Fewer people were sentenced to death this year than any other year since 1976, according to a report released Friday by the Death Penalty Information Center.
The report cites 106 new death sentences handed down in 2009, compared to 111 in 2008. Both are down significantly from a decade ago, when 284 death sentences were given out.
Sen. Tim Owens, R-Overland Park, has scheduled four days of hearings beginning Jan. 19 on a new bill that would eliminate the death penalty in Kansas.
A Kansas Judicial Council advisory committee of lawmakers, judges, prosecutors and defense lawyers helped rewrite a bill sponsored last year by Sen. Carolyn McGinn, R-Sedgwick.
But Kansas' top prosecutor said this week he wants to see the death penalty continue.
"I think it's a just punishment for what those folks did," Attorney General Steve Six told The Eagle.
Cost a factor
More people were put to death nationwide this year (52) than last year (37), Friday's report said.

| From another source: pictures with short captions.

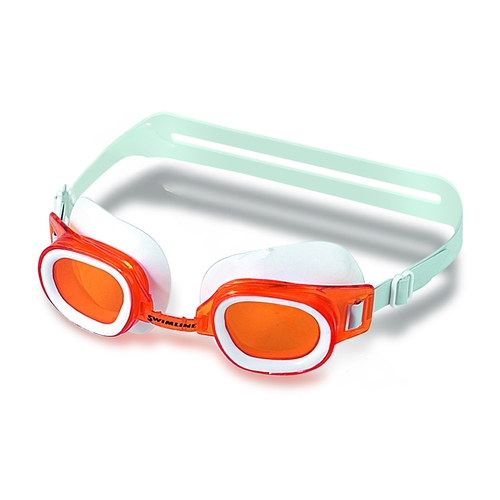 Swimline 9318 Deluxe St Lucia Swim Goggles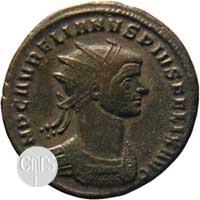 Obverse coin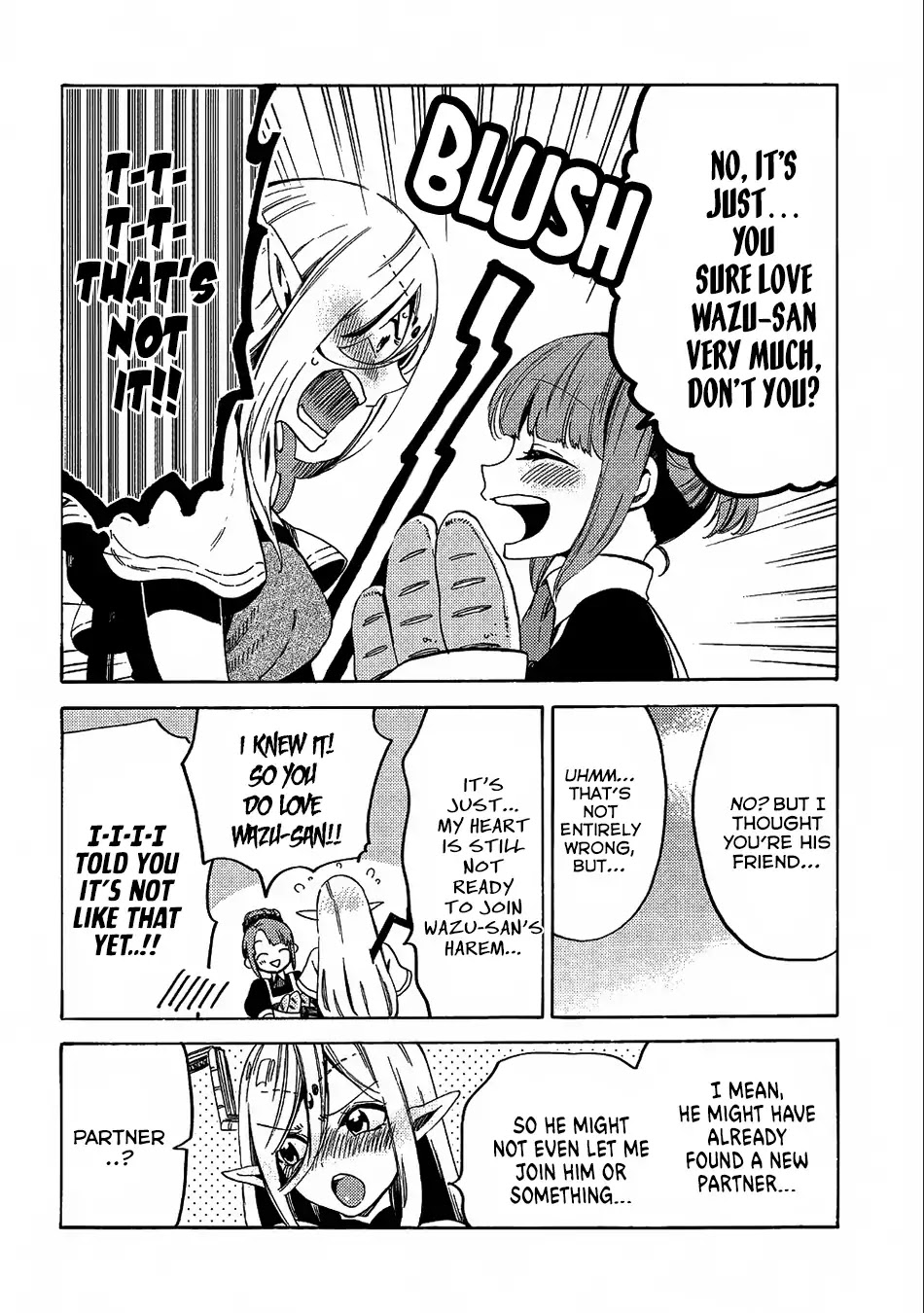 Sono mono. Nochi ni... (Shinichirou Nariie) Chapter 8 page 13 - Chapter 8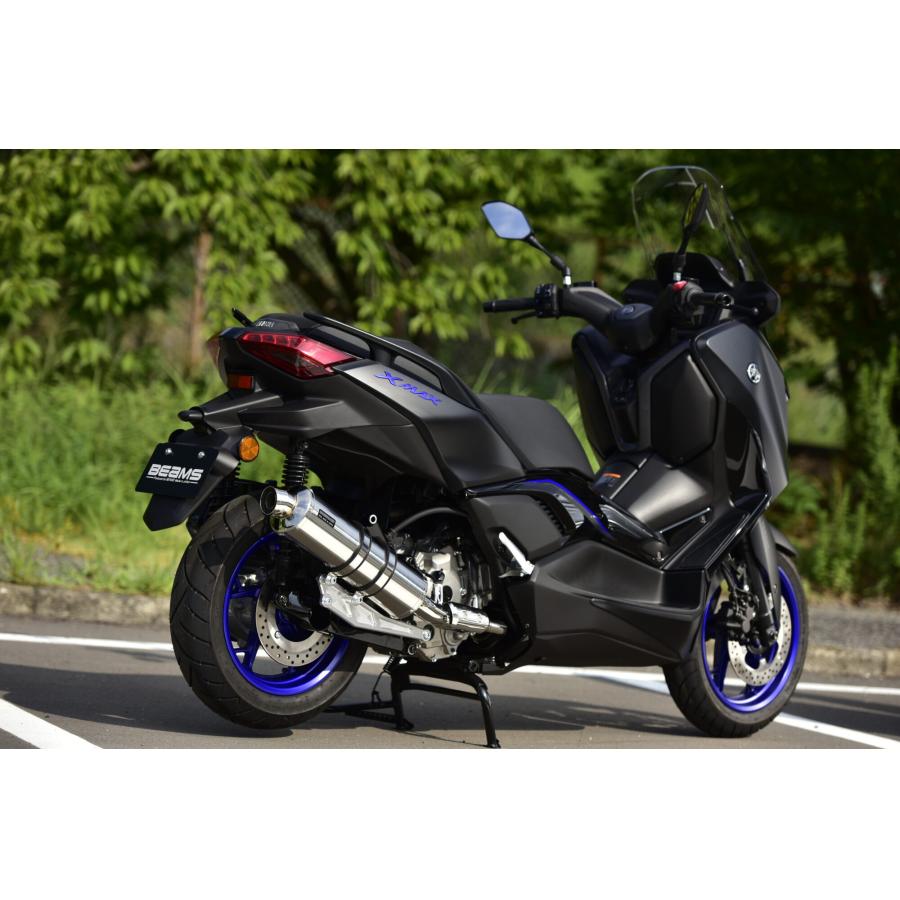 BEAMS (ビームス) R-EVO ステンレス-SP X-MAX 8BK-SGA8J G278-53-008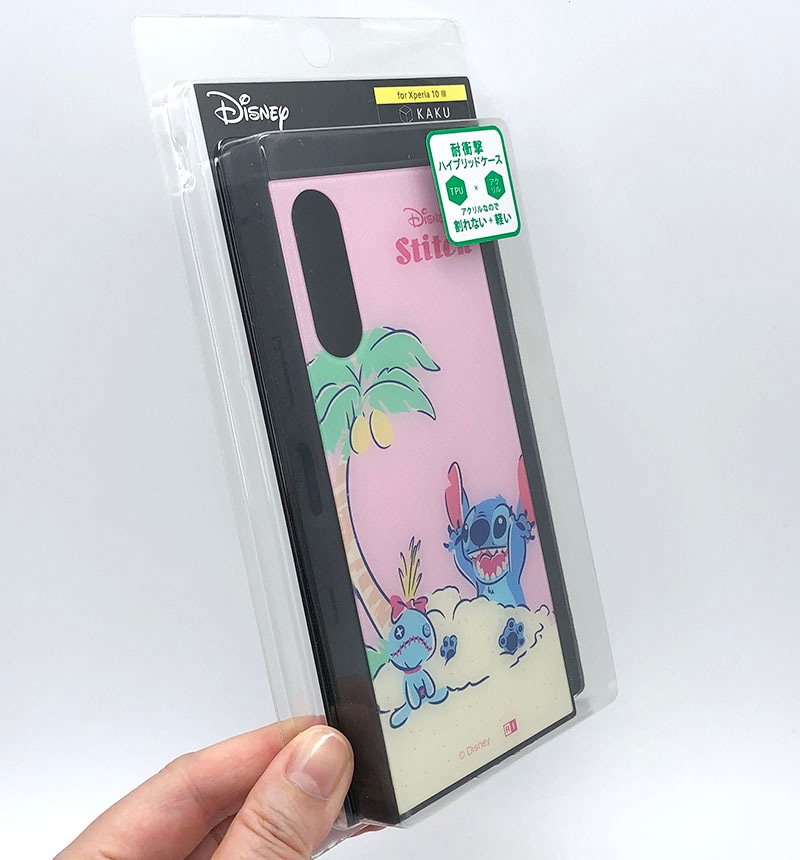 Xperia 10 III��Xperia 10 III Lite/�إǥ����ˡ�����饯������/�Ѿ׷�ϥ��֥�åɥ����� KAKU �إ�������ƥ��å�/��ͷ�ӡ� IQ-DXP10M3K3TB/ST002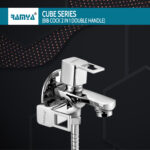 Cube 2 Way Bib Cock - Image 4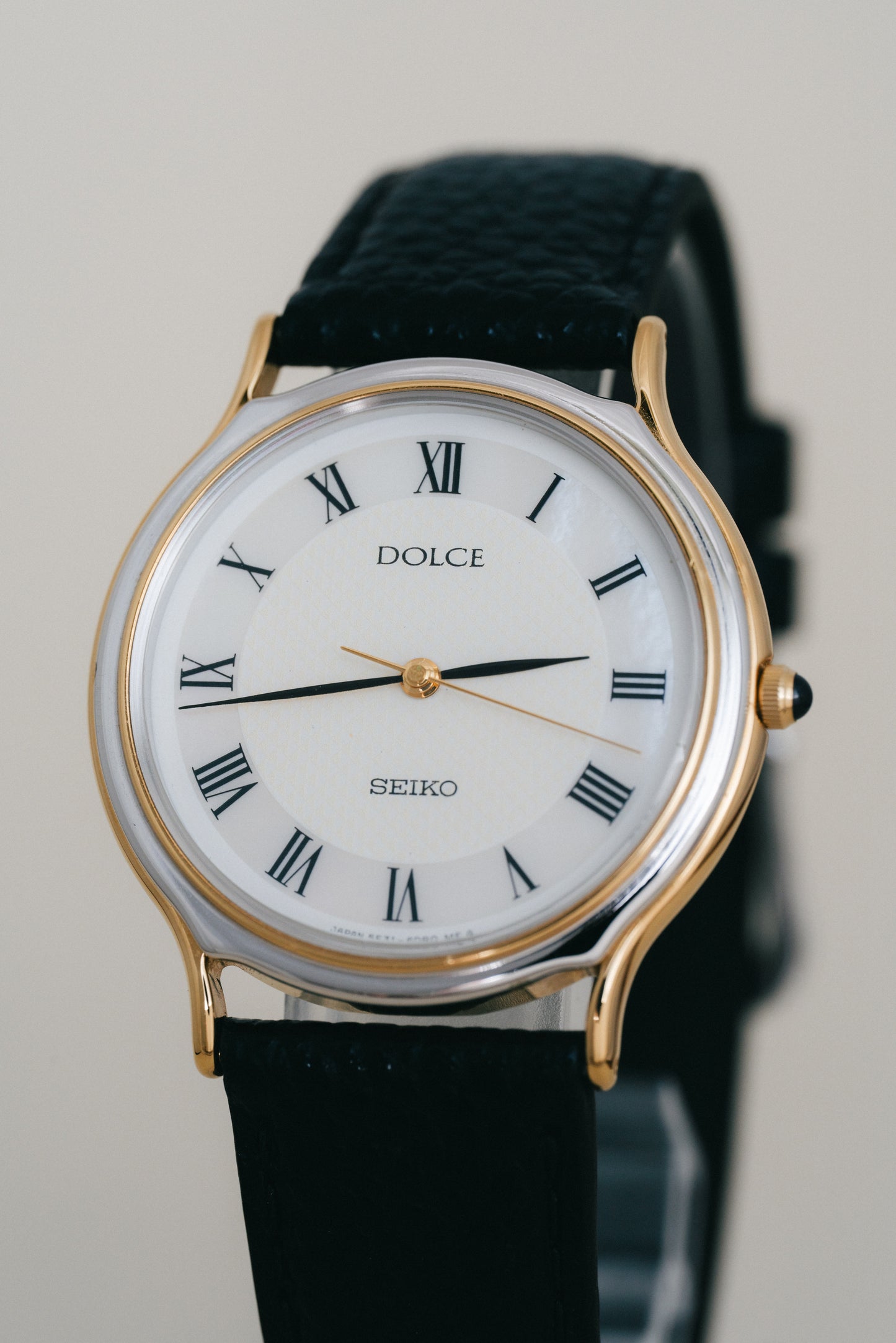 SEIKO｜Dolce 5E31-6D60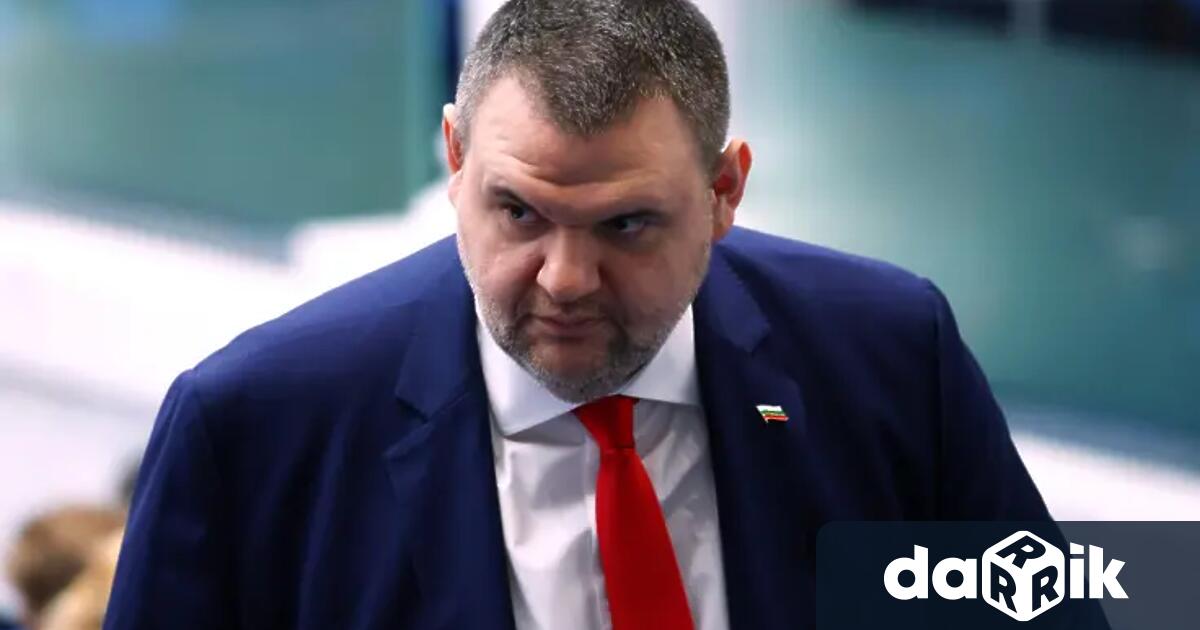 Делян Пеевски е категоричен че се върви към нови избори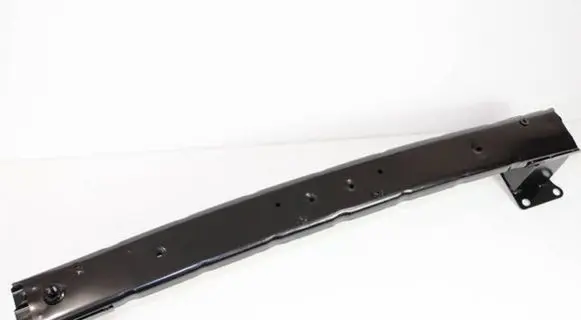 Opel Corsa F Front bumper support beam 9846538280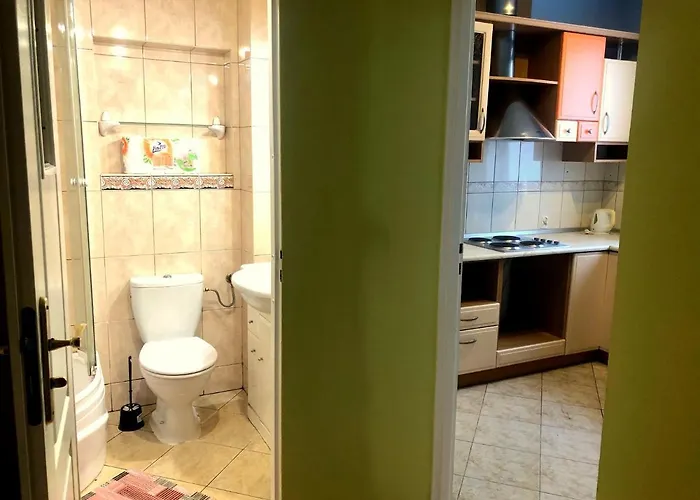 Nocleg ze śniadaniem Arenia -filia Kompleksu Arena Słońca 3*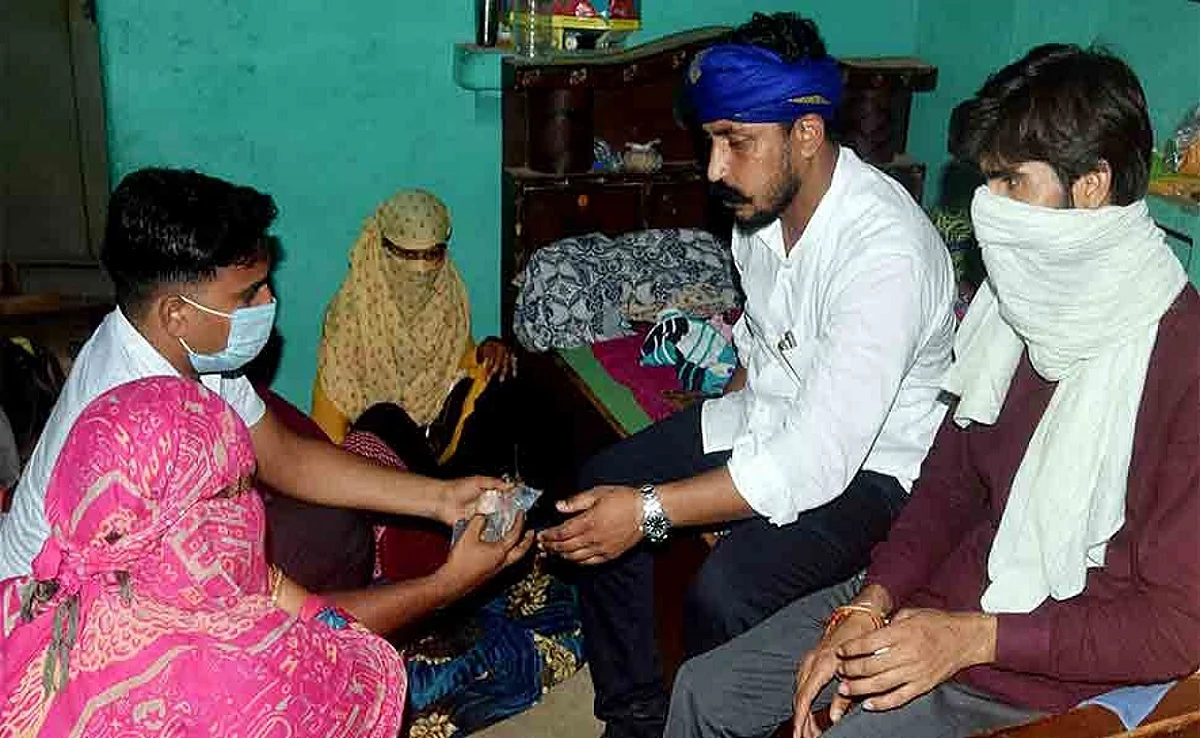 ഹാത്രസ് പെണ്കുട്ടിയുടെ കുടുംബത്തിന് വൈ കാറ്റഗറി സുരക്ഷ വേണം: ചന്ദ്രശേഖര് ആസാദ്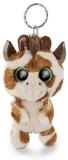 Nici Pl&uuml;schfigur NICI Pl&uuml;sch GLUBSCHIS Schlenker Giraffe Halla 9cm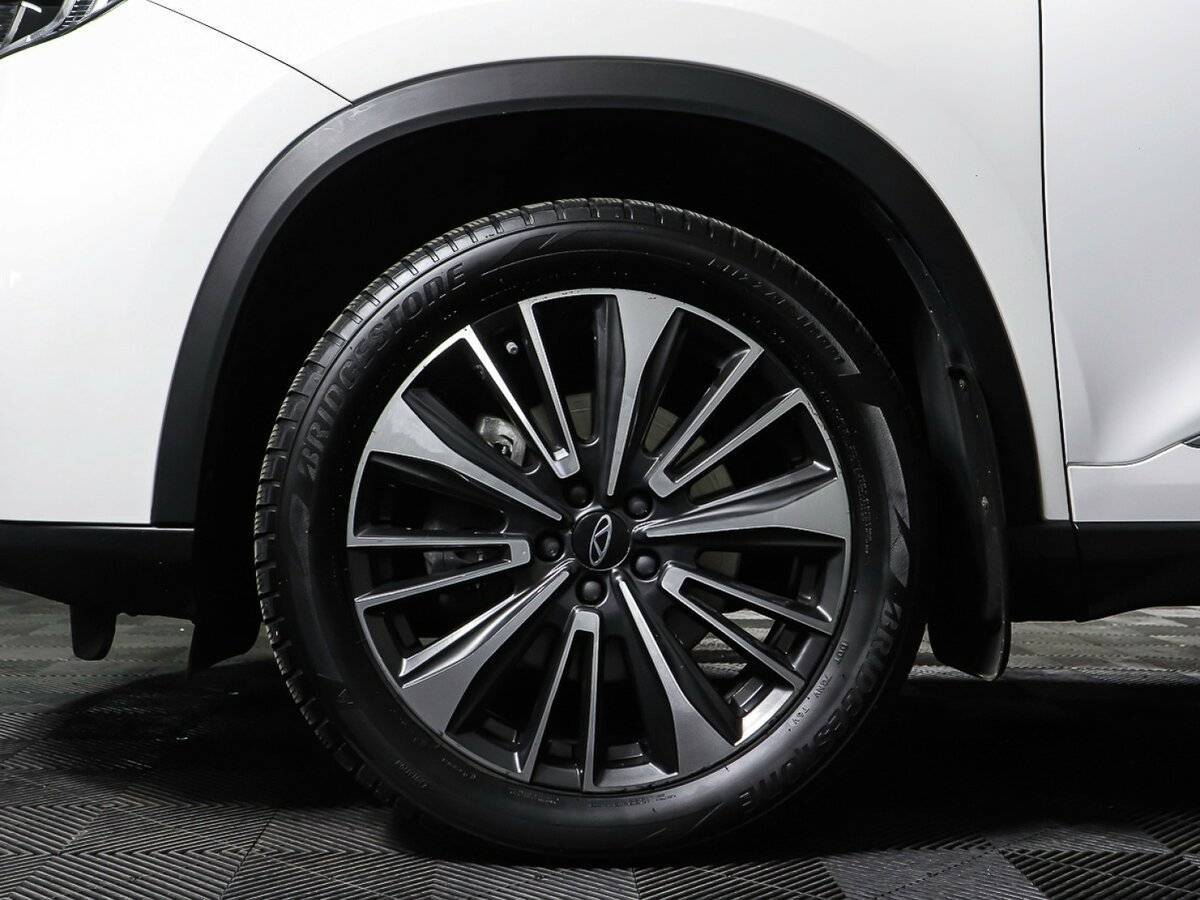 Купить Chery Tiggo 8 Pro Max с пробегом. Фото: #29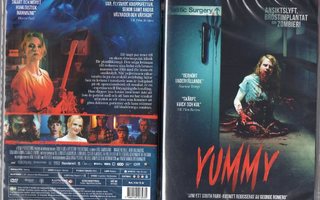 yummy	(77 985)	UUSI	-SV-	DVD				2020	SF-TXT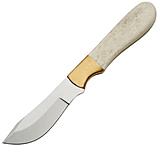 Image of Pakistan Skinner Bone Handle Fixed Blade Knife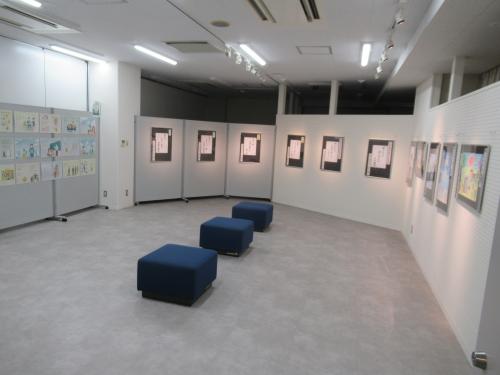 令和6年度展示会の様子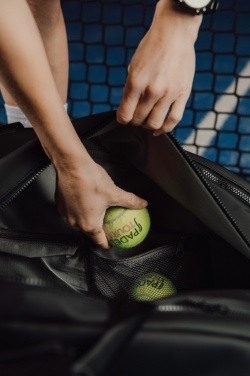 Logo trade promotional giveaways picture of: VINGA Baltimore gym backpack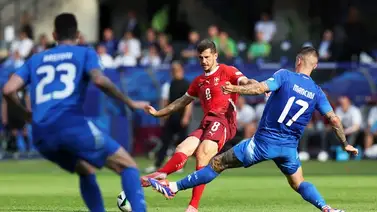 Eurocopa 2024: Remo Freuler sorprendió a Donnarumma para adelantar a Suiza (+Video) Eurocopa 2024: Remo Freuler sorprendió a Donnarumma para adelantar a Suiza (+Video)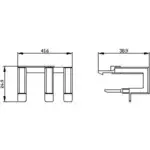 Siemens 3RT2926-4BA32 - Image 2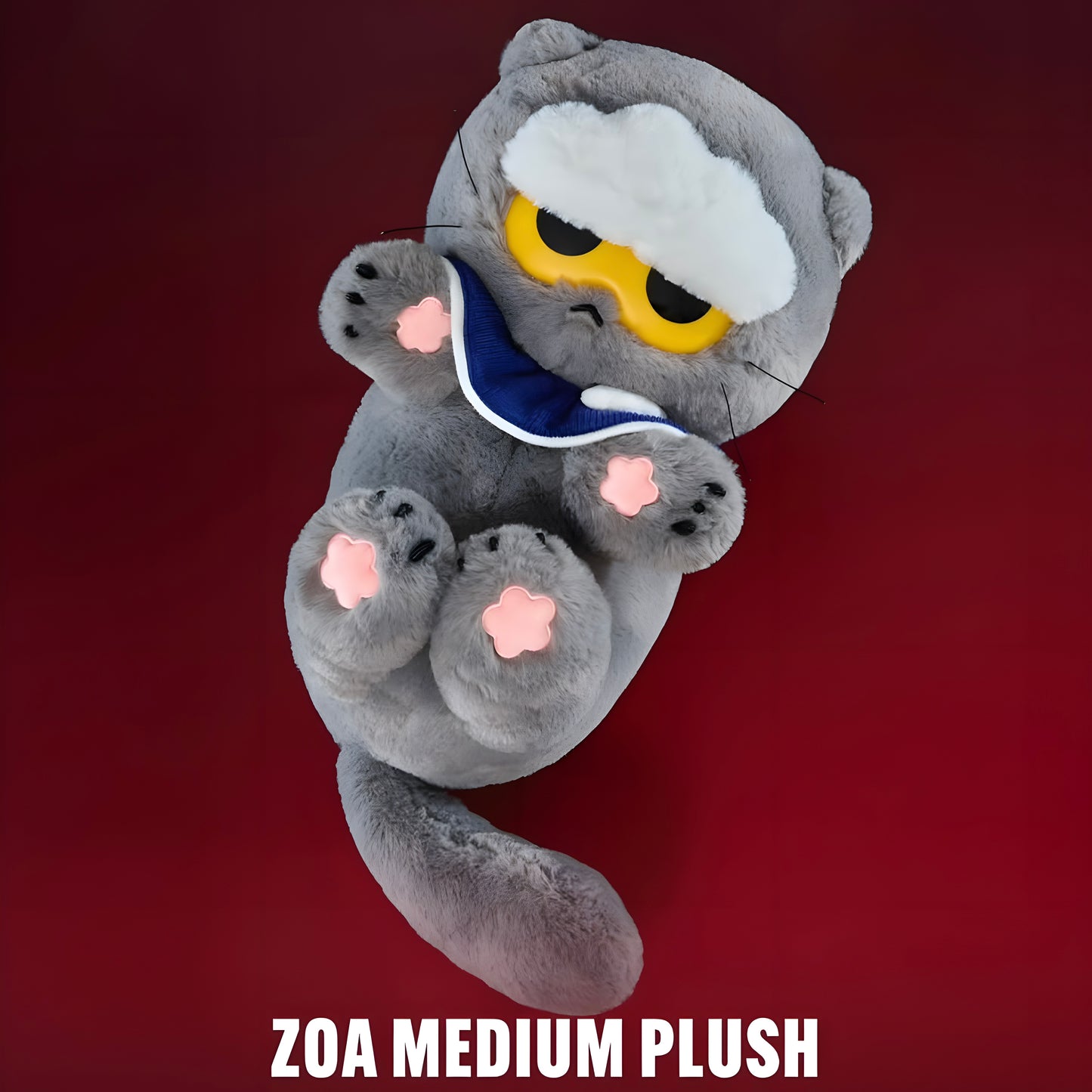 [PREORDER] LINE FRIENDS ZO&FRIENDS ZOA Medium Plush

The report attributed the increase to four months in 2008 when states halted executions while the U.S. Supreme Court weighed a challenge to lethal injection. The high court found the method was not cruel and unusual punishment, allowing executions to continue.
The push against the death penalty, however, moved from the courthouse to the statehouse.
This year, 11 states considered bills to abolish the death penalty. New Mexico became the 15th state to repeal it, following an effort by a coalition of churches.